Tuesday 17 January 2012

Mixing (an introduction to)

In this section I aim to outline in the most basic concepts of sound production (mixing) using terminology that will be understandable to a complete newcomer.

Within the realms of sound production the term mixing is the process of balancing sounds.
When mixing all were basically doing is deciding how loud something is and where 'in the mix' the sound is to be positioned.
When mixing we control the volume, panning and EQ of each channel. A channel may be an individual sound or it may be a number of sounds grouped together.

In addition to these basic controls you may also be able to apply fx via the send/return channels. The effects send works by diverting the audio through whatever device you insert in to the send/return signal path, this is then mixed back in to the recording.

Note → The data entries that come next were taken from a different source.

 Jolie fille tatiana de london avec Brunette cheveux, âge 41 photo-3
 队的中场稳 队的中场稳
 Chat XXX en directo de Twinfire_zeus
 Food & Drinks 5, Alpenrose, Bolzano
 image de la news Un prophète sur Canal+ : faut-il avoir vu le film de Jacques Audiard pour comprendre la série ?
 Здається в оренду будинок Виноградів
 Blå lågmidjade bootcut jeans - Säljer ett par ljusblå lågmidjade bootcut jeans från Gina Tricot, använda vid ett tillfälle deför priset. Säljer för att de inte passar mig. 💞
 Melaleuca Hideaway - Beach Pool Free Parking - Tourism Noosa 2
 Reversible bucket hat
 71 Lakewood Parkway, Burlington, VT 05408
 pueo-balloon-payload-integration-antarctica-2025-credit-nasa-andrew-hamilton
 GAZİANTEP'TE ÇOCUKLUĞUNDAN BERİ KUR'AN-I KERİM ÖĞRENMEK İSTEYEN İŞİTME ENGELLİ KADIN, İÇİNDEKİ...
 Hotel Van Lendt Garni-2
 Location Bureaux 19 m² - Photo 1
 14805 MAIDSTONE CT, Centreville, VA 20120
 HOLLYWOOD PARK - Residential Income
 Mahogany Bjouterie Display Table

Actual design of mixers may vary but what they do remains the same and the same fundamental idea remains, basically you want to record as loud as possible (without risking distortion), as clean as possible (minimum noise), as faithful as possible (record as it was heard, no unintentional clicks/distortions etc) and hopefully create a sense of space within the mix.


there are basically 3 types of mixing with regards to spacialisation.
Mono - all sounds are placed dead center, effectivly no left/right.
Stereo - 2 channel output. Left and Right spacing.
Surround-sound - more than 2 channels (eg. left/right/center, left-front/left-rear/right-front/right-rear etc).